The pairing of Solr and Spark was a popular topic at the All Things Open 2016 conference. These tools re-index content in real time based on what people search for, how they search, and what keywords or products they use.
When used together, Solr and Spark can boost a website's search terms and product recommendations, and therefore increase its number of visitors and conversions.
Solr is an enterprise search appliance that creates a software-based index of a site’s content. Spark is a big data tool for massively paralyzing, i.e. running parallel jobs against a cluster of machines to ask certain kinds of questions and produce certain kinds of answers. Combining these two technologies allows a site to provide visitors with the most relevant results for internal site searches, or to display links for the most popular articles or products.
These functions are possible because Spark processes visitors’ activity data and simultaneously sends the information back to Solr as relevancy indices, creating a popularity catalog between the two programs that is updated in real time.
This means that using Solr with Spark makes it actually possible to empower front-end GUIs, so certain keywords or links can be considered trending or popular depending on how many times they’ve been searched for or acted upon by past visitors.
For example, if the software realizes most people searching for soccer shin guards end up clicking on the seventh search result, the relevancy of this link will be automatically brought up for future visitors.
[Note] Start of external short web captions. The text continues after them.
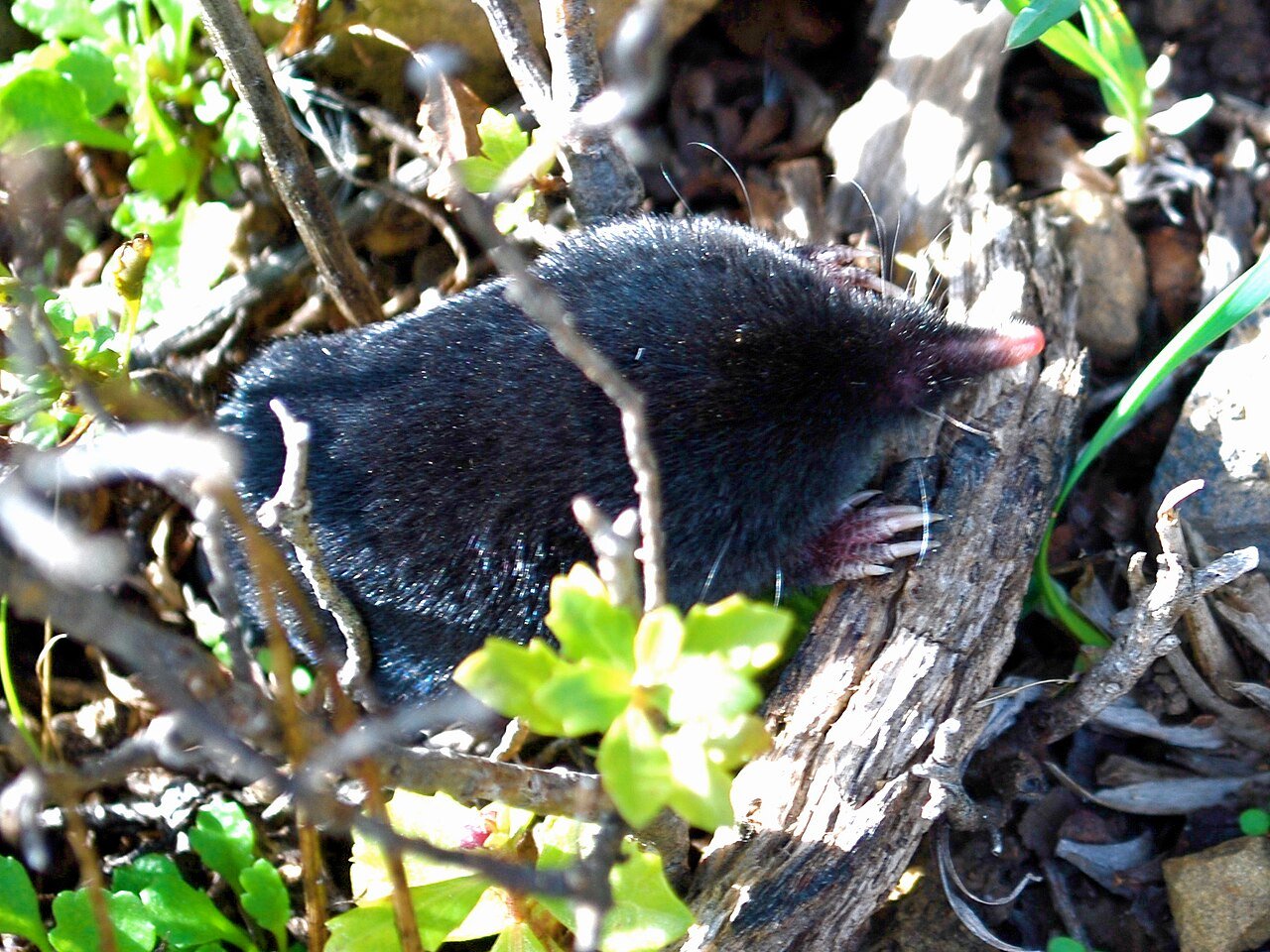 Moles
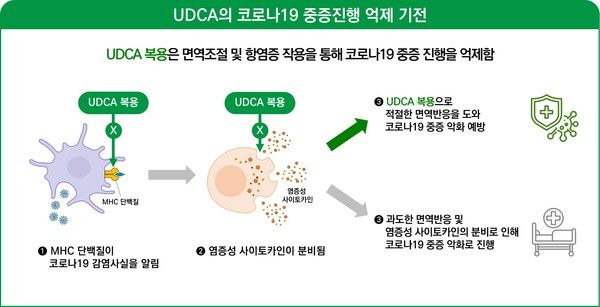 UDCA의 COVID19 중증진행 억제 기전도./대웅제약 제공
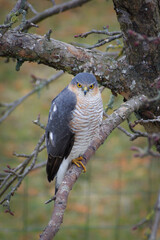 Sparrowhawk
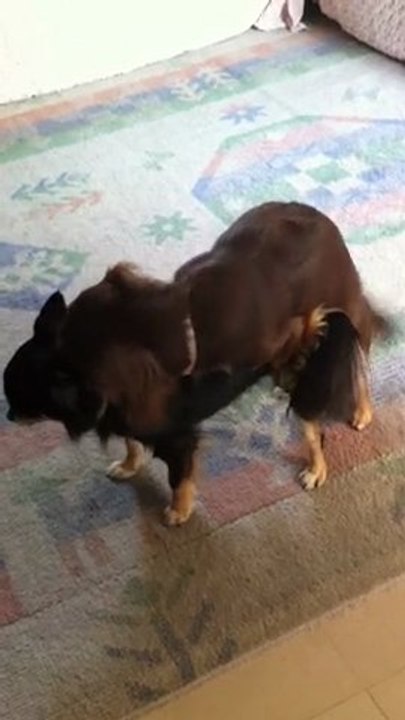 メス犬同士のマウンティング 動画 Dailymotion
It’s like AB testing on steroids.
The team that built Solr also created a plugin for the program that provides Spark with native dataframes. Thanks to this plugin, very little translation is needed between the two for one to bring in data from the other and vice versa. That’s why these two programs work so well together.
Spark has other benefits to the Solr software as well. For instance, Spark can be used to update Solr indexes in parallel, so content search results stay fresh.
Also, a Spark cluster can be scaled up and down as needed during rapid re-indexing. This compatibility also comes in handy for offline computations of pagerank, popularity, or trends.
The uses of Solr and Spark go beyond just web signals. Email trackers, UI trackers inside of ads, or any other data that can be gathered as signals provide other options for developers. One such alternative use is tracking clicks made by recipients of email marketing messages to influence which products or search results are presented in future communications and remarketing efforts.
There isn’t much word yet as to how Solr and Spark’s partnership could account for bot searches and clicks, but, for now, the technology can still be very useful to developers looking to create more interactivity between front and back ends of web applications.
The Lucidworks team has put up a demo repo on Github so you can test drive Solr and Spark running together. What's even better, the app uses Flask as the front-end to route traffic in and out of the solution.